If you are on a machine, or computer cluster, with `HTCondor installed
<https://research.cs.wisc.edu/htcondor/downloads/>`_ these parameter estimation jobs can be run
using

.. code-block:: console

    $ condor_submit_dag cwinpy_pe_dag_DATETAG_01.submit

where ``DATETAG`` is a date string in the DAG file name based on the date you created it on.

You can perform an analysis using simulated data, but with real (or pre-defined) pulsar parameter
files. If you have a set of pulsar parameters files then these can be passed to the
:class:`~cwinpy.pe.simulation.PEPulsarSimulationDAG` class by giving a directory containing all the
files, or a dictionary of file paths keyed to the pulsar names. This takes the place of supplying a
number of pulsars to be simulated. For example, if we had parameter files in the directory
``my_pulsars`` this could be used with:

.. code-block:: python

    pardir = "my_pulsars"
    run = PEPulsarSimulationDAG(ampdist, prior=prior, parfiles=pardir, detector=detectors)

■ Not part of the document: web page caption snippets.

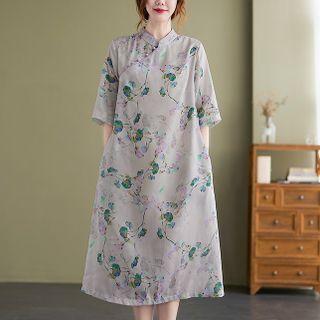 Elbow-sleeve Mandarin Collar Floral Print Midi Dress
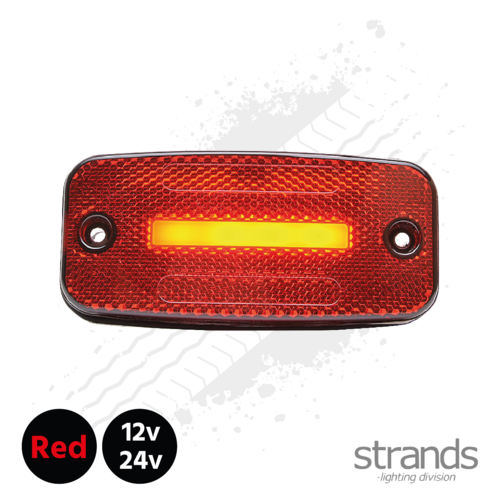 Strands Red LED Side Marker Light SLD One Line 12/24 Volts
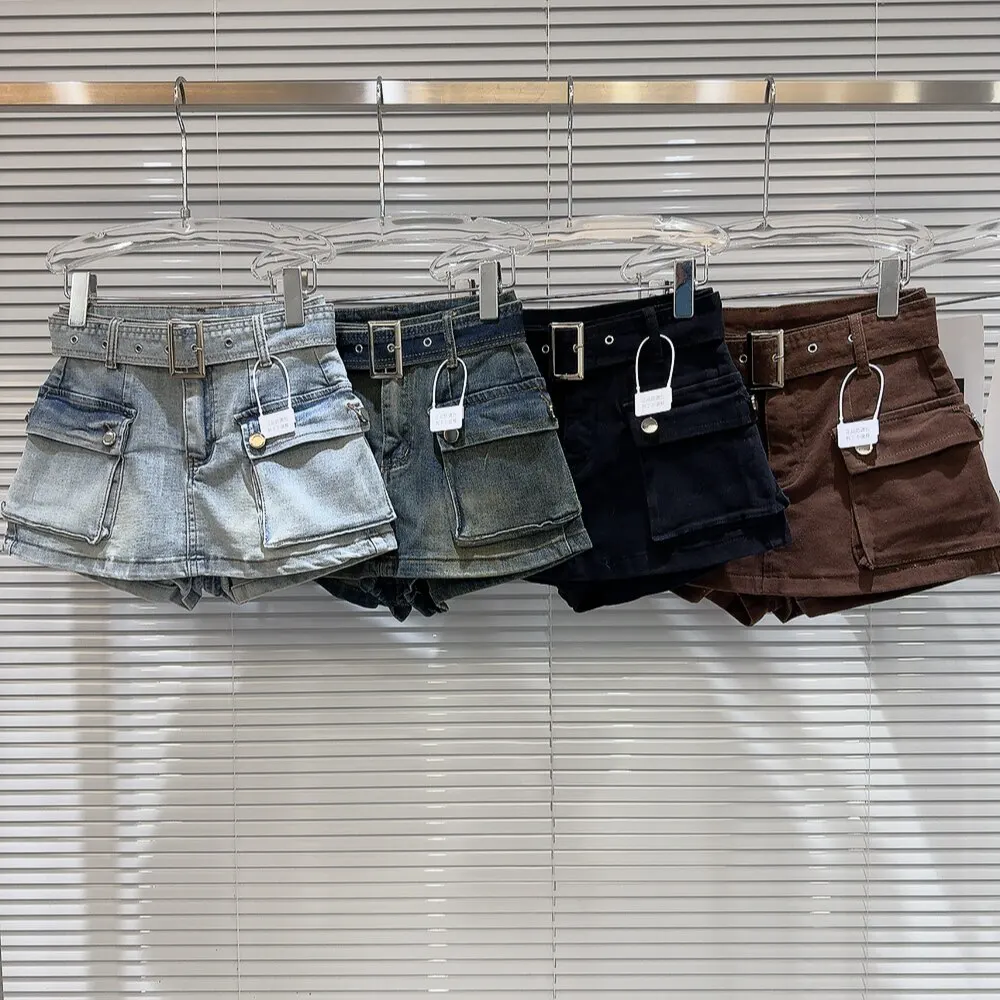 Spring Autumn Fashion Solid Color Big Pocket Wash Denim Skirt Female High Waist Button Zipper A-line Skirt for Women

Note that you should not call the parameter file directory ``pulsars`` if it is in the same base
directory that you are generating the simulation in. That directory is reserved for pulsar parameter
files that contain the simulated population signal parameters for adding into the data.

Different distributions
-----------------------

You do not have to use the default distributions on the pulsar positions or orientation parameters.
If you had a model for a location distribution (and it can be put in the form of a bilby `prior
<https://lscsoft.docs.ligo.org/bilby/prior.html>`_) in `equatorial
<https://en.wikipedia.org/wiki/Equatorial_coordinate_system>`_ (right ascension and declination) or
`Galactic <https://en.wikipedia.org/wiki/Galactic_coordinate_system>`_ (galactic longitude and
latitude) coordinates and distance, or cartesian `Galactocentric
<https://docs.astropy.org/en/stable/api/astropy.coordinates.Galactocentric.html>`_ coordinates (in
kpc), then these can be used.

If using the equatorial system the prior dictionary must be keyed with ``"ra"``, ``"dec"`` and
``"dist"`` with angles in radians and distance in kpc. If using the Galactic coordinate system the
prior dictionary must be keyed with ``"l"``, ``"b"`` and ``"dist"``, again with angles in radians
and distance in kpc. For the Galactocentric system the prior dictionary must be keyed with ``"x"``,
``"y"`` and ``"z"`` in kpc.

For example, suppose we modelled the Galaxy as a thin Gaussian disk with a scale (standard deviation
of the Gaussian) of 9 kpc in the x-y plane, and 0.15 kpc in the z-direction, we could use this for
our pulsar population with:

.. code-block:: python

    from bilby.core.prior import PriorDict, Gaussian
    posdist = PriorDict({
        "x": Gaussian(0.0, 9.0, name="x"),
        "y": Gaussian(0.0, 9.0, name="y"),
        "z": Gaussian(0.0, 0.15, name="z"),
    })

    run = PEPulsarSimulationDAG(
        ampdist, npulsars=1000, detector=detectors, posdist=posdist,
    )

    # let's plot the sky distribution in RA and dec
    from matplotlib import pyplot as pl
    import glob
    import numpy as np
    from lalpulsar.PulsarParametersWrapper import PulsarParametersPy

    params = np.zeros((1000, 2))
    for i, parfile in enumerate(glob.glob("pulsars/*.par")): 
        psr = PulsarParametersPy(parfile) 
        params[i, :] = [-psr["RAJ"] if psr["RAJ"] < np.pi else -(psr["RAJ"] - 2 * np.pi), psr["DECJ"]]
    fig, ax = pl.subplots(1, 1, subplot_kw={"projection": "mollweide"})
    ax.scatter(params[:,0], params[:,1], s=8)
    ax.set_xlabel("Right ascension")
    ax.set_ylabel("Declination")
    fig.savefig("mollweide.png", dpi=150, tight_layout=True)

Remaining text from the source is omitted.